Des défis vertigineux

La tâche immédiate du nouveau gouvernement consistera à freiner l’inexorable effondrement généralisé, à trouver des solutions urgentes pour réapprovisionner le marché en hydrocarbure, à améliorer la vie quotidienne des millions de Libanais qui s’est considérablement dégradée. Selon les Nations unies 78% de la population vit désormais sous le seuil de pauvreté. Et de nombreux habitants font leurs valises et cherchent à l’étranger le salaire, l’éducation et l’espoir qui leur manquent chez eux.

Le Liban s’enfonce dans cette crise économique et sociale doublée d’une crise politique : il a fallu plus d’un an pour former le gouvernement annoncé ce vendredi. La classe politique est considérée comme corrompue et inefficace par de très nombreux Libanais mais aussi par les interlocuteurs internationaux du Liban. Cela fait des années que les bailleurs de fonds se disent prêts à aider le pays du Cèdre à condition qu’il adopte d’indispensables réformes de gouvernance, de transparence, de lutte contre la corruption. Le cabinet devra aussi entamer des négociations avec le FMI.
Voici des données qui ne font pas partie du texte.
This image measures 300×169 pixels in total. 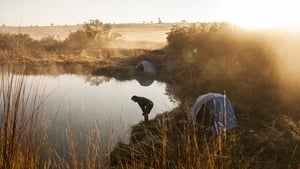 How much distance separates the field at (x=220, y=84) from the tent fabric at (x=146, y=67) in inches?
21.1

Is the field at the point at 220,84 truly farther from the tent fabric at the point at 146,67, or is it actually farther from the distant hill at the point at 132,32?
the distant hill at the point at 132,32

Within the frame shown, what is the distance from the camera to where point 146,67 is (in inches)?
907

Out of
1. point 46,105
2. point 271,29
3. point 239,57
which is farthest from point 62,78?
point 271,29

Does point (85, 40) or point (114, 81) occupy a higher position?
point (85, 40)

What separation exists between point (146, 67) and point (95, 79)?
377 cm

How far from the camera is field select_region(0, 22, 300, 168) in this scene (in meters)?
3.95

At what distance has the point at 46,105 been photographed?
555 inches

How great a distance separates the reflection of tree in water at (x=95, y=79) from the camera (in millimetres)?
19906

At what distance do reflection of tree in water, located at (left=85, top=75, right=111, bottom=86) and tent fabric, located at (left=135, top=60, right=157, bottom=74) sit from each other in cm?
264

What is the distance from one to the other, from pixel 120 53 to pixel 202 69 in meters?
13.8

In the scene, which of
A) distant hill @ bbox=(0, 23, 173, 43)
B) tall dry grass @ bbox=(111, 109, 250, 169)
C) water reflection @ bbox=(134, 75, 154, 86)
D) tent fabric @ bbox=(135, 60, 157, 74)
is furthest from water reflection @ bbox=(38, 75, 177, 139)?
distant hill @ bbox=(0, 23, 173, 43)

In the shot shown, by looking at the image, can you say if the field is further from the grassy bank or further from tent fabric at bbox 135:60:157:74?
tent fabric at bbox 135:60:157:74

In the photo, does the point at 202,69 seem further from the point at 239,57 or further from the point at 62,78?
the point at 62,78

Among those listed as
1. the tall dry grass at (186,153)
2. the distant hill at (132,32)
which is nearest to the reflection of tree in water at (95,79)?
the tall dry grass at (186,153) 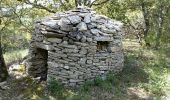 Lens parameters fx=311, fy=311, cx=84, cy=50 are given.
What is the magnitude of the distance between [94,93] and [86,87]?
313mm

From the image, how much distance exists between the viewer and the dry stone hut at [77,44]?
924 cm

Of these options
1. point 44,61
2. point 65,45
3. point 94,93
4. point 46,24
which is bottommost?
point 94,93

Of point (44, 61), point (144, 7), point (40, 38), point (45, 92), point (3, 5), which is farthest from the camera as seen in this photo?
point (144, 7)

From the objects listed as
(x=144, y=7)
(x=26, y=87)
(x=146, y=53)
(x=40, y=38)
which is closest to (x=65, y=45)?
(x=40, y=38)

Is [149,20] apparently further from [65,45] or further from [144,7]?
[65,45]

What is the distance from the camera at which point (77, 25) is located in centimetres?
942

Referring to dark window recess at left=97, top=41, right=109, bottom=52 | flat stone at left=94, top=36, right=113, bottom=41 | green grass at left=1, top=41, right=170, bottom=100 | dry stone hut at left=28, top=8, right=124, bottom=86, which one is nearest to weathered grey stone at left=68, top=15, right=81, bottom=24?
dry stone hut at left=28, top=8, right=124, bottom=86

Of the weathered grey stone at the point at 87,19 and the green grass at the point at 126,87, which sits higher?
the weathered grey stone at the point at 87,19

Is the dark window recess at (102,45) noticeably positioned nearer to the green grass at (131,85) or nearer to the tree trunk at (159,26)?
the green grass at (131,85)

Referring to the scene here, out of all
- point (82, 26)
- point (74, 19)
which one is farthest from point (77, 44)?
point (74, 19)

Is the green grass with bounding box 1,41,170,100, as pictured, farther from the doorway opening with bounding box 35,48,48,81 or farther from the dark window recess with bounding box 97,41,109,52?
the doorway opening with bounding box 35,48,48,81

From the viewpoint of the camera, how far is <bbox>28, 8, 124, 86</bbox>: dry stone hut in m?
9.24

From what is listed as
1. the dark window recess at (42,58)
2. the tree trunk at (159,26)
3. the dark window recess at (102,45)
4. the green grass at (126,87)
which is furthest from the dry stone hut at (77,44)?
the tree trunk at (159,26)

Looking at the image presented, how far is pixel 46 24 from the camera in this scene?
9.42 m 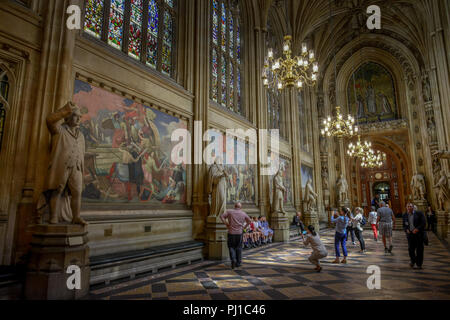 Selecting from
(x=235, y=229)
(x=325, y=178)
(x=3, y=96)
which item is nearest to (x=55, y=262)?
(x=3, y=96)

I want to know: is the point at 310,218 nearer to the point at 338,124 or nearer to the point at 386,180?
the point at 338,124

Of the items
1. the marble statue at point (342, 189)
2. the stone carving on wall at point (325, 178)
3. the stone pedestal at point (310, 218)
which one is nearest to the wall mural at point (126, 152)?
the stone pedestal at point (310, 218)

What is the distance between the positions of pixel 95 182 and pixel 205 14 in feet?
25.4

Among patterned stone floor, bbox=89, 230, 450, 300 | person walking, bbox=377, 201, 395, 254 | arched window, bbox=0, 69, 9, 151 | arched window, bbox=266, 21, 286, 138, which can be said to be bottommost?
patterned stone floor, bbox=89, 230, 450, 300

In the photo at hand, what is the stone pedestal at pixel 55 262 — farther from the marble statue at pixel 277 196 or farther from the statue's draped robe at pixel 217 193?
the marble statue at pixel 277 196

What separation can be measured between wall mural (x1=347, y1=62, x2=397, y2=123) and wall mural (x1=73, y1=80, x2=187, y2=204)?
2000 cm

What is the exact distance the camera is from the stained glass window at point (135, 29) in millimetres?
8180

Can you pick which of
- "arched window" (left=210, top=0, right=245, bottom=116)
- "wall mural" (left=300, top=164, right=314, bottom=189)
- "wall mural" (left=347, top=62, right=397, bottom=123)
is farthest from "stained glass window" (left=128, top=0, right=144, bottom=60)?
"wall mural" (left=347, top=62, right=397, bottom=123)

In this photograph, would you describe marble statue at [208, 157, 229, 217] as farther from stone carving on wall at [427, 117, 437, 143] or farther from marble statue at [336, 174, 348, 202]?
stone carving on wall at [427, 117, 437, 143]

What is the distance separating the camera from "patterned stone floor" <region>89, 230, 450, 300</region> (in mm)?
4461

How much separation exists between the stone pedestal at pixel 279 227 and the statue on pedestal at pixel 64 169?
9338 millimetres

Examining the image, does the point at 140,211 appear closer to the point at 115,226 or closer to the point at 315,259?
the point at 115,226

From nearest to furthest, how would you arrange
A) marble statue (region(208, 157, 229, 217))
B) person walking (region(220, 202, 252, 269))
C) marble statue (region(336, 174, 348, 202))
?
person walking (region(220, 202, 252, 269)) < marble statue (region(208, 157, 229, 217)) < marble statue (region(336, 174, 348, 202)) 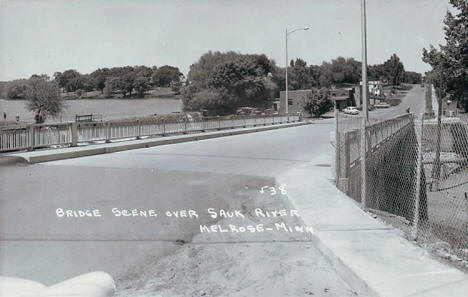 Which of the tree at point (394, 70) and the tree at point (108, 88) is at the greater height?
the tree at point (394, 70)

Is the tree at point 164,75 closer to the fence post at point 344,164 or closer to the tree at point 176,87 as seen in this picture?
the tree at point 176,87

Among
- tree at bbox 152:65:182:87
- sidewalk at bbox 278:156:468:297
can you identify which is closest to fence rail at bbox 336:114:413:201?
sidewalk at bbox 278:156:468:297

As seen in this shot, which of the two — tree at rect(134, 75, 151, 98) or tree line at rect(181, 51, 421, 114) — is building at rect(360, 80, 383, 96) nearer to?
tree line at rect(181, 51, 421, 114)

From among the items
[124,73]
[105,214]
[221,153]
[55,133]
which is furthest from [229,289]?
[124,73]

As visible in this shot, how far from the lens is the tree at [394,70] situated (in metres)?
134

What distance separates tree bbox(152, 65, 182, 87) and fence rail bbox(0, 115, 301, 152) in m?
45.3

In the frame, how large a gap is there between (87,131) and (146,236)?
1393 centimetres

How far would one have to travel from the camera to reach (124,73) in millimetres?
60531

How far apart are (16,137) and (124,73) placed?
4673 cm

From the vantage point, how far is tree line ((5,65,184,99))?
59.6 meters

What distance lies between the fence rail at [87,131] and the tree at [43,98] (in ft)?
161

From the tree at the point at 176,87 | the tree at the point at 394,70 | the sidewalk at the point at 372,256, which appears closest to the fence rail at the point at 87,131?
the sidewalk at the point at 372,256

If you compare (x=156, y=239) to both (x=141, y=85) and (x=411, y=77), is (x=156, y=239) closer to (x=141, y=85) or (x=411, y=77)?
(x=141, y=85)

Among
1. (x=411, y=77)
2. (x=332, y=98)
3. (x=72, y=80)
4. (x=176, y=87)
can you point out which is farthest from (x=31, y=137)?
(x=411, y=77) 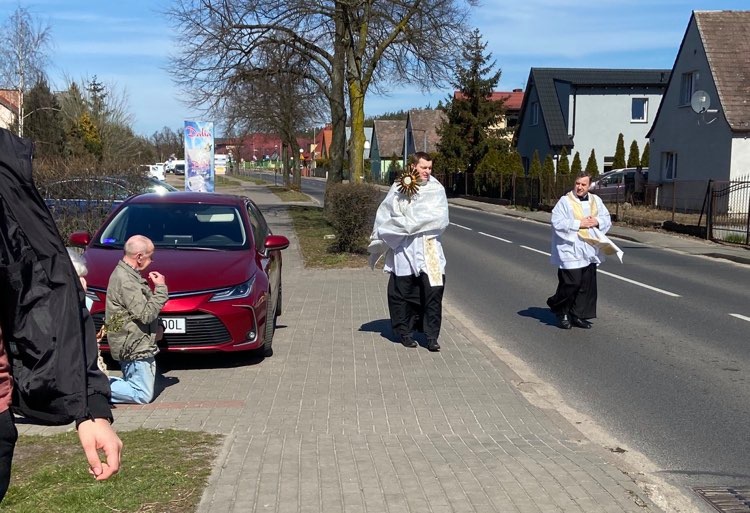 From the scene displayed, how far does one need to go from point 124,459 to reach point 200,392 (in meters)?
2.06

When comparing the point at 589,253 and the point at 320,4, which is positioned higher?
the point at 320,4

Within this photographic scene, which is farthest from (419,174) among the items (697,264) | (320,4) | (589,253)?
(320,4)

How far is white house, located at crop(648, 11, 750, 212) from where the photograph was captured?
30.2 metres

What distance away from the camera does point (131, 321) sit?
6.39m

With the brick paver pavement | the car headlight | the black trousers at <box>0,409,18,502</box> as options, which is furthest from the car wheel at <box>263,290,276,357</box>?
the black trousers at <box>0,409,18,502</box>

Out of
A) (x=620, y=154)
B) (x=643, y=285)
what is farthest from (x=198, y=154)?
(x=620, y=154)

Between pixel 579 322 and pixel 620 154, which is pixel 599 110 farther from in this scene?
pixel 579 322

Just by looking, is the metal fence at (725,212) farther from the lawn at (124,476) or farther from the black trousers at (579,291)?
the lawn at (124,476)

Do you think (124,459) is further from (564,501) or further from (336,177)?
(336,177)

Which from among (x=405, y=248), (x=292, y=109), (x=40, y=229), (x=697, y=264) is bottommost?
(x=697, y=264)

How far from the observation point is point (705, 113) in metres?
31.9

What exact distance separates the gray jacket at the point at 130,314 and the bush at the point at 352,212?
34.0 ft

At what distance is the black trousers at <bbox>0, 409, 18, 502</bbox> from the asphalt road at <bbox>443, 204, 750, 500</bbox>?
12.3ft

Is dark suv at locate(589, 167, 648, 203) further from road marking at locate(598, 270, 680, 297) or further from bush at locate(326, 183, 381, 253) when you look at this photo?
road marking at locate(598, 270, 680, 297) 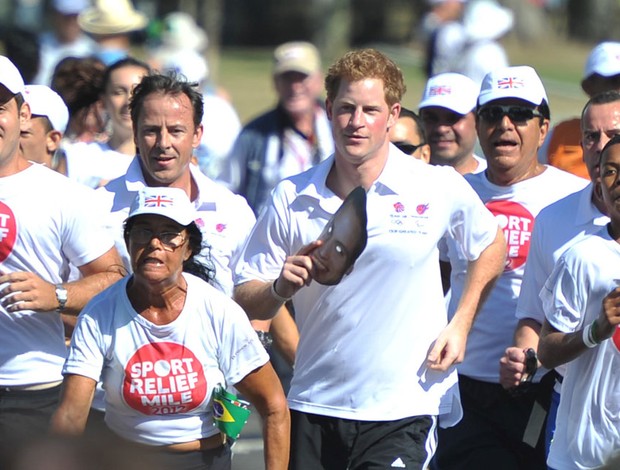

Des espoirs limités d’une sortie de crise économique

C’est là le défi immense du nouveau gouvernement, mais aussi des partis politiques libanais qui ont longuement négocié sa formation en plein naufrage de leur pays. Pour le politologue libanais Joseph Bahout de l’Université américaine de Beyrouth, il s’agit avant tout d’un nouveau casting, mais pas de changement structurel.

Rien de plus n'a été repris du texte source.